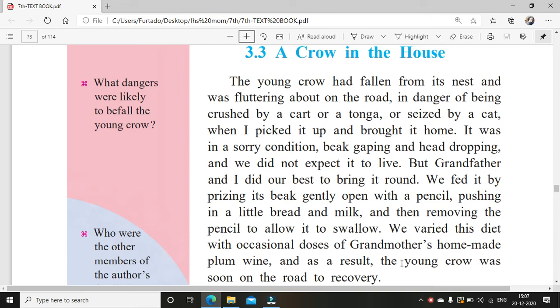A very good morning, dear students. Today we start with a new lesson — that's lesson 3.3, A Crow in the House. It's on page 64 of your textbook.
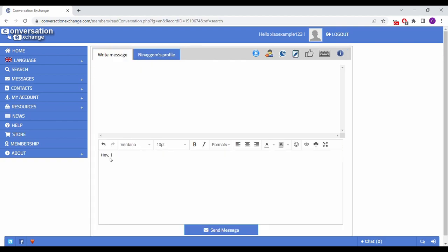Type a message into the box saying that you would love to chat with them and become language partners. Click send.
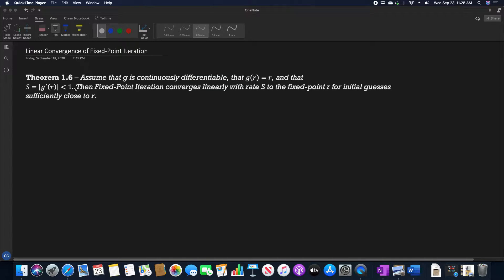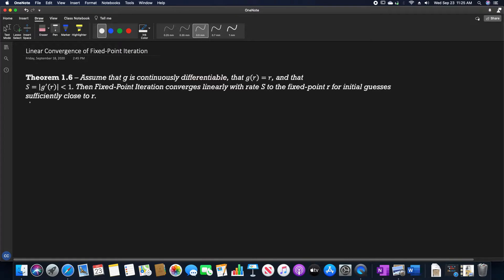In this video, we are going to prove the linear convergence of the fixed point iteration method from numerical analysis. We assume that g is continuously differentiable, that g of r is equal to r, and that s equals the absolute value of g prime of r being less than 1. Then the fixed point iteration converges linearly with rate s to the fixed point r for initial guesses sufficiently close to r.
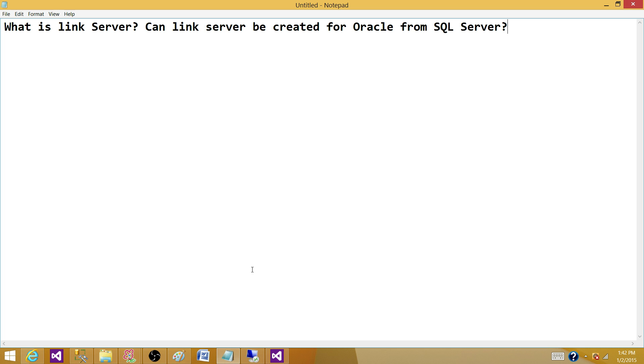So, I'm going to show you how to create a Link Server, where to find Link Server. You can do it a couple ways. One, you can use T-SQL, and the other, you could use Management Studio and create your Link Server. So, let's get to it.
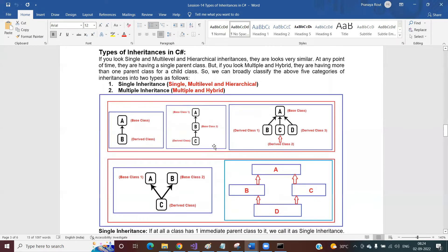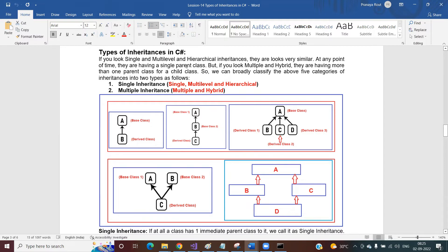Now coming to types of inheritance in C#. If you look at single, multi-level, and hierarchical inheritance, they are similar - at any point of time, they have a single parent class. For class B in single inheritance, class A is the only parent. In multi-level, C has only one immediate parent B, and B has only one parent A. In hierarchical, B, C, and D all have only one parent class A.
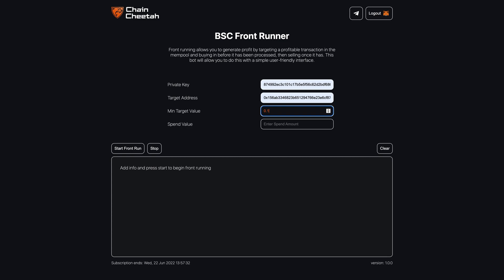The aim is to only target transactions that will increase the price of the token so you can make a profit when you sell. But for the purpose of the tutorial I will use a small value, so we don't have to wait much time for a target.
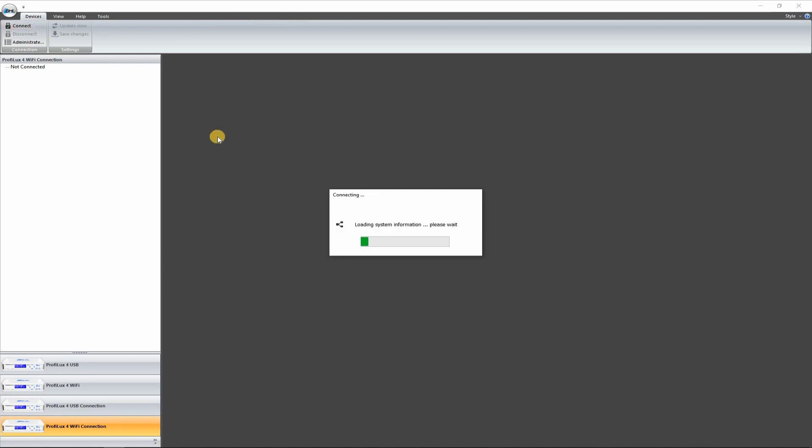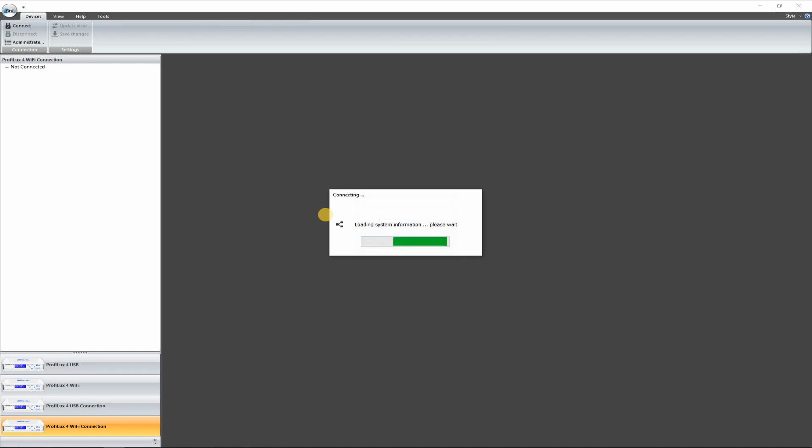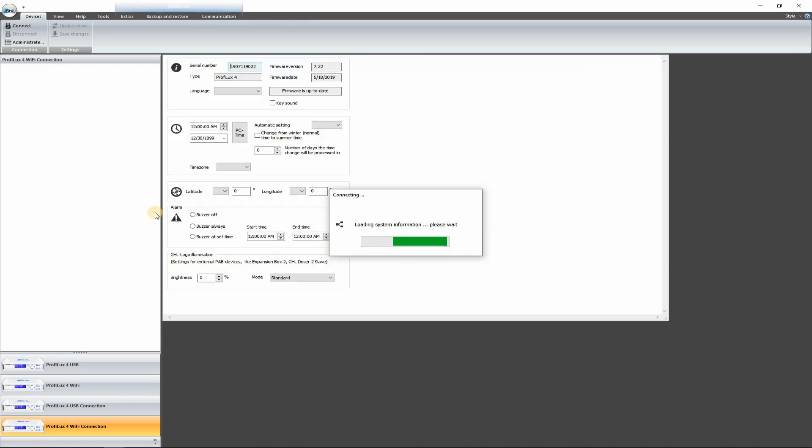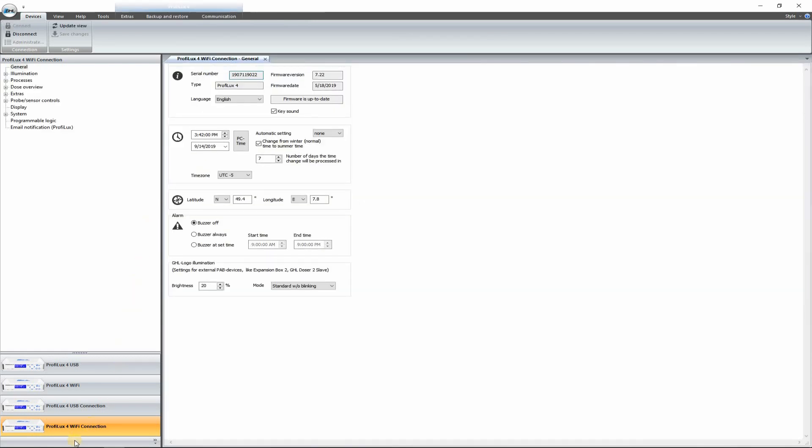And it should prompt me for my pin. There we go. Type in my pin.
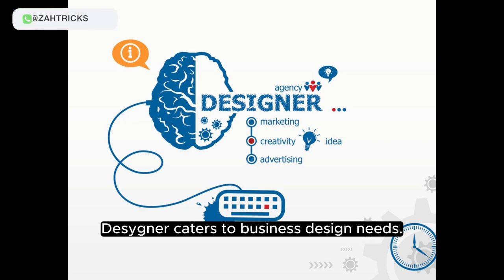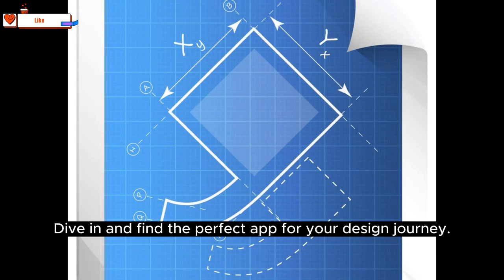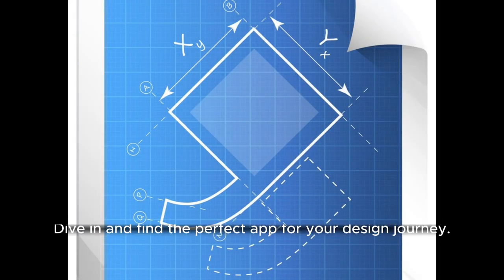Designer caters to business design needs. Rabbit Designer is a versatile vector tool. Dive in and find the perfect app for your design journey.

※ ※ ※

▶ _Brief_
Begin at the first line of the listing and print each line exactly. Stop after the line containing "So, I'm going", and omit all pictures.

▶ _Exercise solution_
A very good morning, dear students. Today we start with a new lesson — that's lesson 3.3, A Crow in the House. It's on page 64 of your textbook.
Type a message into the box saying that you would love to chat with them and become language partners. Click send.
In this video, we are going to prove the linear convergence of the fixed point iteration method from numerical analysis. We assume that g is continuously differentiable, that g of r is equal to r, and that s equals the absolute value of g prime of r being less than 1. Then the fixed point iteration converges linearly with rate s to the fixed point r for initial guesses sufficiently close to r.
So, I'm going to show you how to create a Link Server, where to find Link Server. You can do it a couple ways. One, you can use T-SQL, and the other, you could use Management Studio and create your Link Server. So, let's get to it.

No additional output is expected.